Datasets to append can have different variables.
Sometimes, it can be useful to identify in the output dataset when values are missing before the variable was not in the original dataset.
data a;
a='A';
b='B';
x=1;
y=1;
run;
data b;
a='A';
c='C';
x=2;
z=2;
run;
How would you get a slash when the character variable was missing and a .A when the numeric variable was missing?
I used a set statement only.
The solution I've found is using arrays.
I'm just assuming that there is a better way of doing it.
@xxformat_com wrote:
I used a set statement only.
The solution I've found is using arrays.
I'm just assuming that there is a better way of doing it.
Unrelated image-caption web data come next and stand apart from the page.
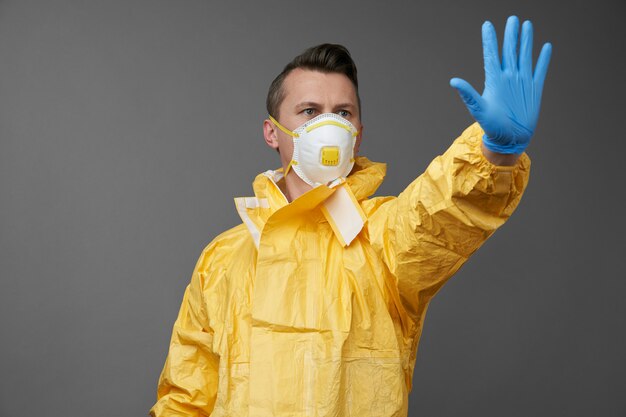 Doctor en un traje protector con máscara médica y guantes protectores.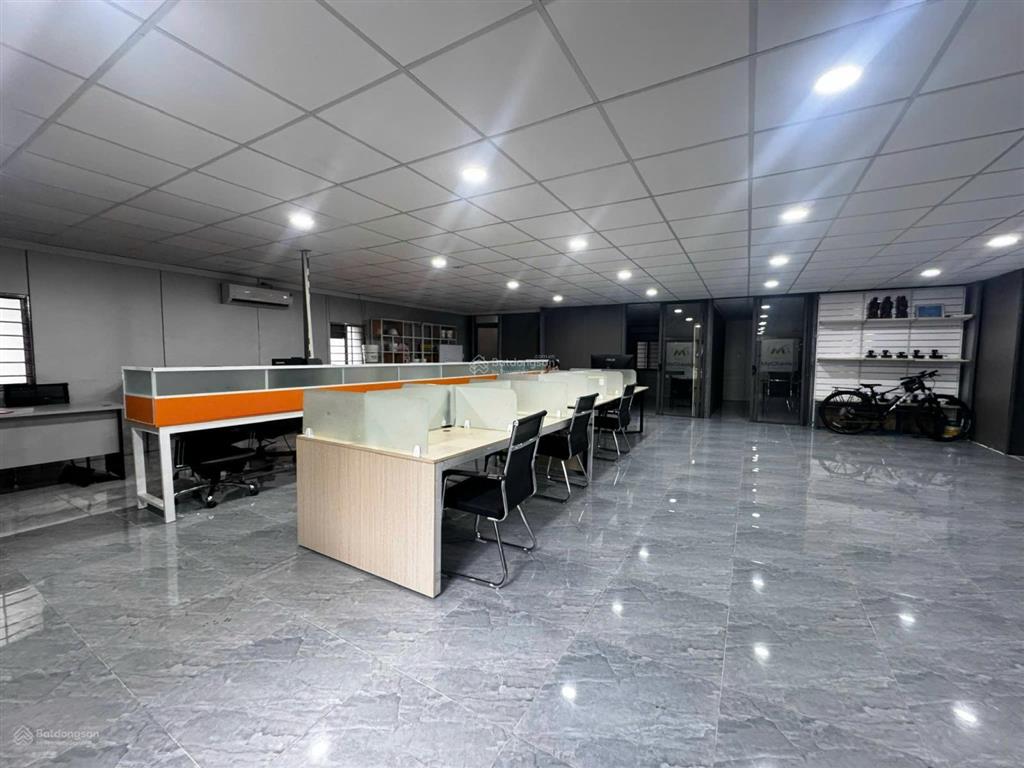 Cho thuê văn phòng kết hợp kho chứa hàng (20x20m) đường đặng thùy trâm full nội thất sẵn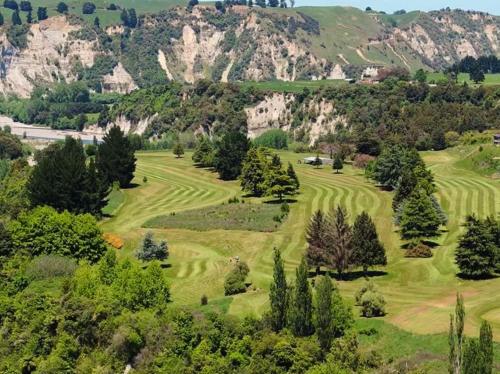 สนามกอล์ฟ (ในที่พัก), Awastone in มังกาเวคา สนามกอล์ฟ (ในที่พัก), Awastone in มังกาเวคา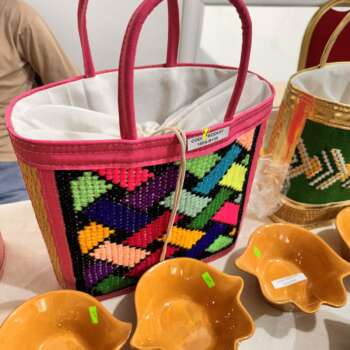 Panier tressé rose à losanges colorés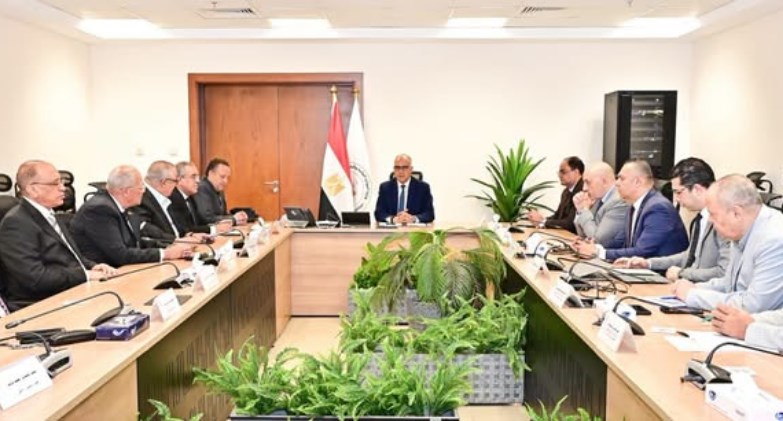 وزير الموارد المائية والري ونقيب المهندسين يبحثان تعزيز التعاون المشترك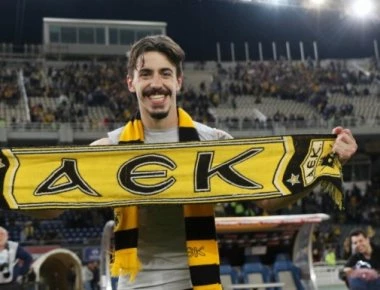 Και η μητέρα του Σιμόες ... είναι ΑΕΚ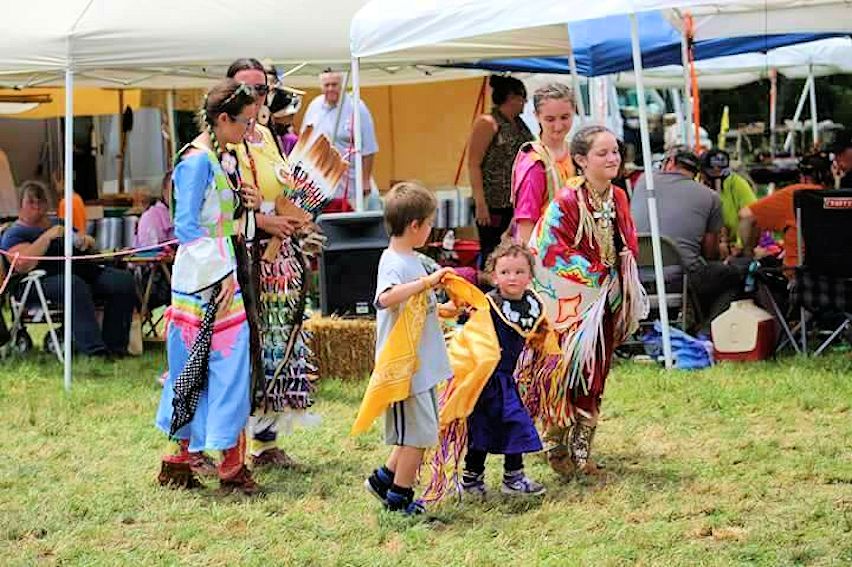 Baby Bison Days Charity Pow Wow - Boss Bison Ranch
This can not result in what you posted.
Code I ran on SAS ODA:
data a;
a='A';
b='B';
x=1;
y=1;
run;
data b;
a='A';
c='C';
x=2;
z=2;
run;
data want;
set a b;
run;
proc print data=want;
run;
Result:
Beob. a b x y c z 1 A B 1 1 . 2 A 2 . C 2
As you can see, the order of the variables is different, and the display of the missing values is as it should be.
So you must have run different code, and additional things (e.g. formats assigned to the variables, or a custom setting of OPTIONS MISSING.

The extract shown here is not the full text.